_PROMPT:_ When you reach the line containing "Crystal Dragonfly Brooch" in the records below, start copying exactly, and stop once you have copied the line containing "Vase J-Line High".

_DATASET RECORDS:_
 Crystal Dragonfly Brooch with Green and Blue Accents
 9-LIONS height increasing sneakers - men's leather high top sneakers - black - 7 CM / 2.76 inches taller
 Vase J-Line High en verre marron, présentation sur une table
...
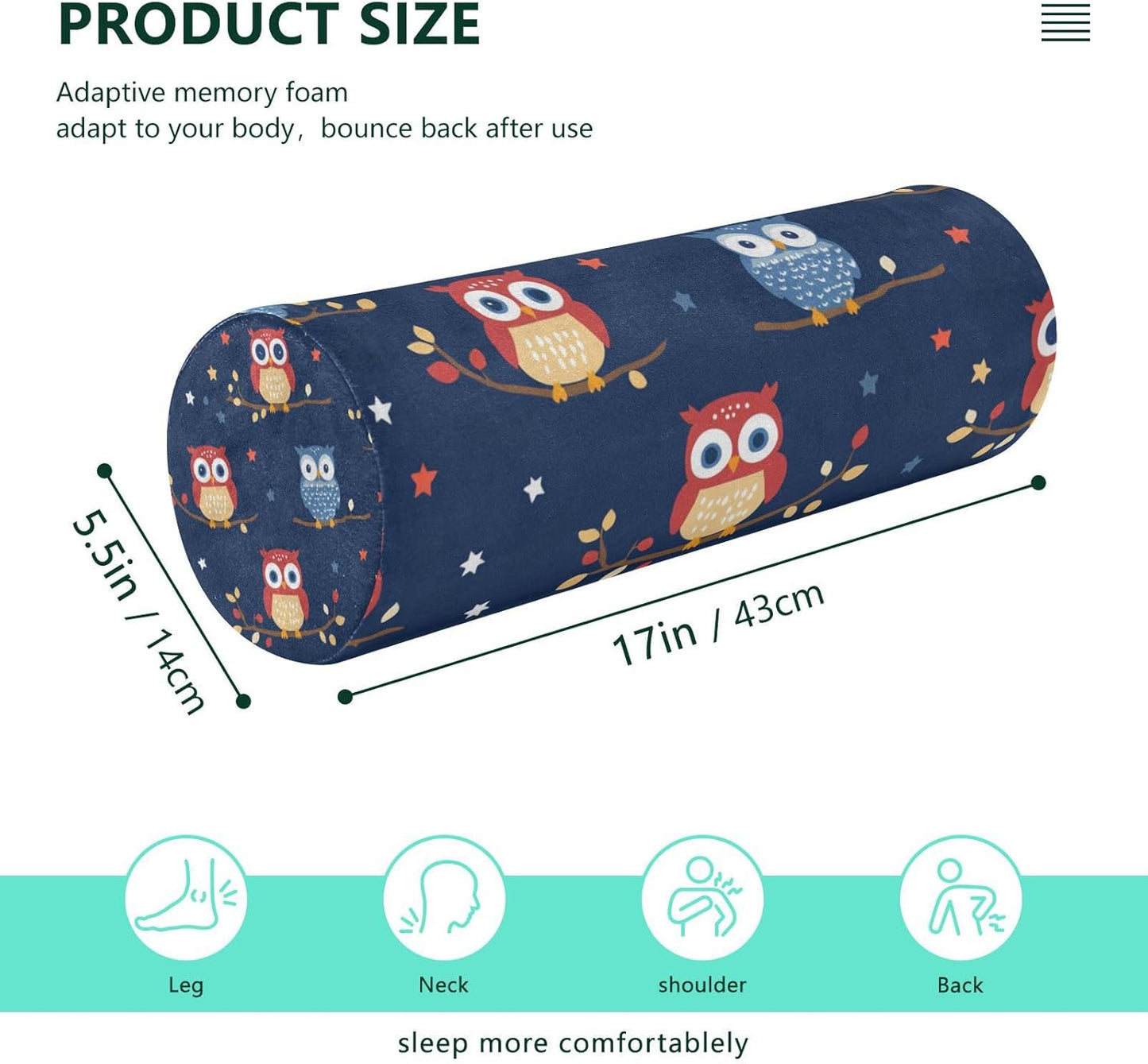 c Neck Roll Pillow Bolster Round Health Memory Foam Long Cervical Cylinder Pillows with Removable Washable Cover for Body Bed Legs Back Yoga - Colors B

_WRITTEN ANSWER:_
 Crystal Dragonfly Brooch with Green and Blue Accents
 9-LIONS height increasing sneakers - men's leather high top sneakers - black - 7 CM / 2.76 inches taller
 Vase J-Line High en verre marron, présentation sur une table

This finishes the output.